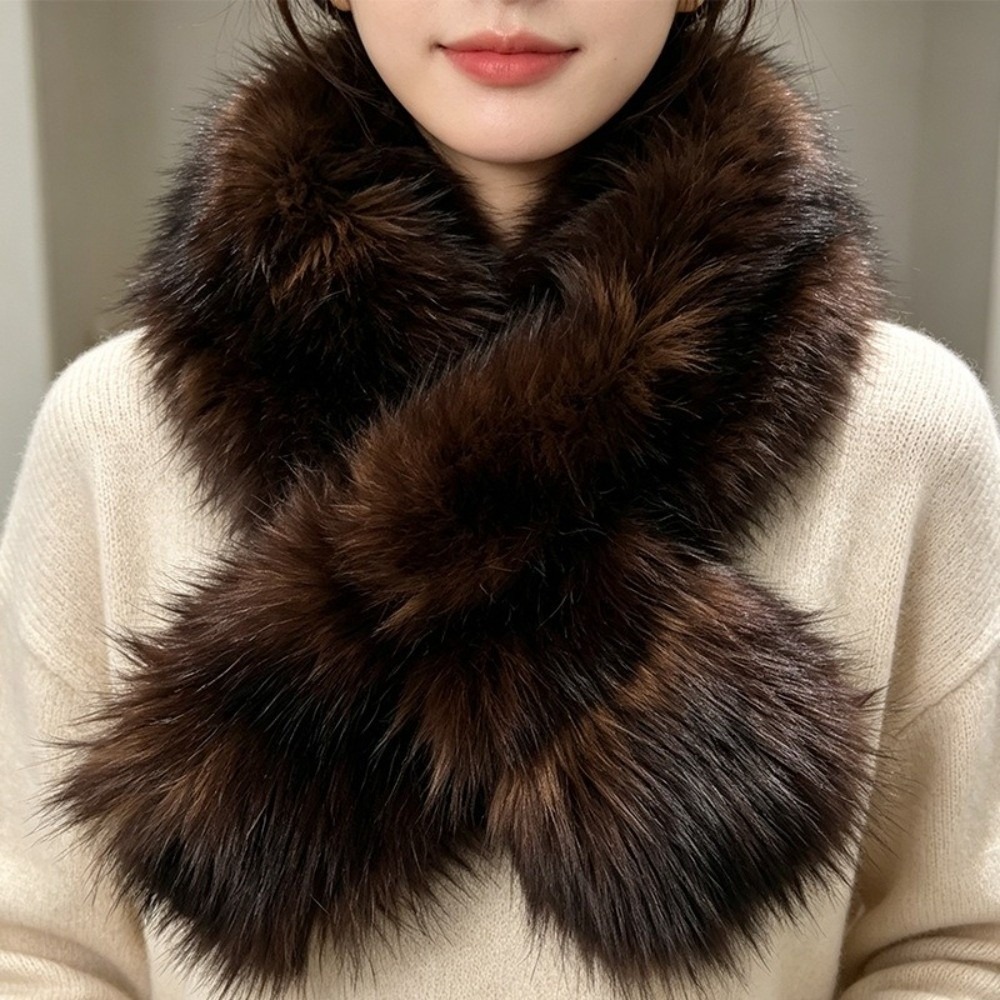 Écharpe à col en fourrure épaisse et douce, écharpe de protection pour le cou, écharpe croisée pour l'hiver.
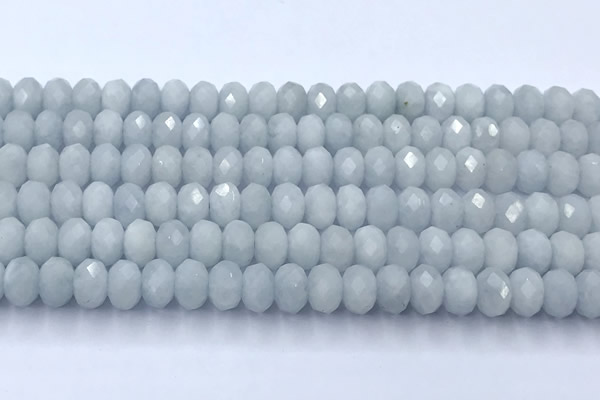 CAQ949 15 inches 6*8mm faceted rondelle aquamarine beads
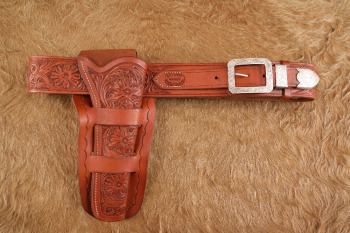 Vintage 1940s A.H. Hardy Colt 7.5" SAA Tooled Leather Pistol Holster & Bohlin Silver Gun Belt Rig
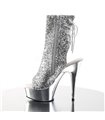 Glitter Plateau Stiefelette DELIGHT-1018G - Silber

== Problem requirements ==
When you return the listing, keep each line exact and leave the pictures out.

== Reply to the exercise ==
 Écharpe à col en fourrure épaisse et douce, écharpe de protection pour le cou, écharpe croisée pour l'hiver.
 CAQ949 15 inches 6*8mm faceted rondelle aquamarine beads
 Vintage 1940s A.H. Hardy Colt 7.5" SAA Tooled Leather Pistol Holster & Bohlin Silver Gun Belt Rig
 Glitter Plateau Stiefelette DELIGHT-1018G - Silber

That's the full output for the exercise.